Friday, 27 January 2012

Unsupervised learning for NIALM

I've recently been thinking about various training methods for NIALM systems, specifically those which can be applied to unlabelled aggregate power demand data sampled once per minute (or less frequently). Assuming no prior information of the appliances or their usage patterns, this clearly falls into the category of unsupervised learning.

In unsupervised learning, the goal is often to determine the unknown structure of unlabelled data. However, in our case we don't simply want to construct a model which represents the aggregate power data. In fact, we want to build a model of the data in which appliances are explicitly represented. This way, once the learning process is complete, we can form the disaggregation task as an inference problem.

Previous unsupervised approaches to this problem have used clustering to identify unique behaviour of appliances.
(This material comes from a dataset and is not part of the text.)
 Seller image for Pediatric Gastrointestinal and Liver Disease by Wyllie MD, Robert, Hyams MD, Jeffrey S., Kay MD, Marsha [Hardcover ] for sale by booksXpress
These approaches have been shown to work well when applied to multiple features extracted from high granularity data (sampled at kHz). However, in the case of low granularity data, there is no way to extract features such as reactive power, power factor, etc. and we are instead left with a single feature; (real) power.

To give a visual representation of how clustering might perform on real aggregate data sampled at 1 minute intervals, I ran some experiments on the REDD dataset. To do so, I did the following:

  1. Down sampled all data to 1 minute resolution
  2. Subtracted the power of each circuit from the household mains circuit to calculate the unallocated, or 'unknown', power
  3. Calculated the difference between consecutive power readings for each circuit
  4. Excluded any change in power less than 100 W
  5. Counted the power differences into bins for each circuit
  6. Plotted these bins as a stacked bar graph for each household
As an example, here's the chart for house 1:
You might want to click on the image to enlarge it since the inline resolution isn't great.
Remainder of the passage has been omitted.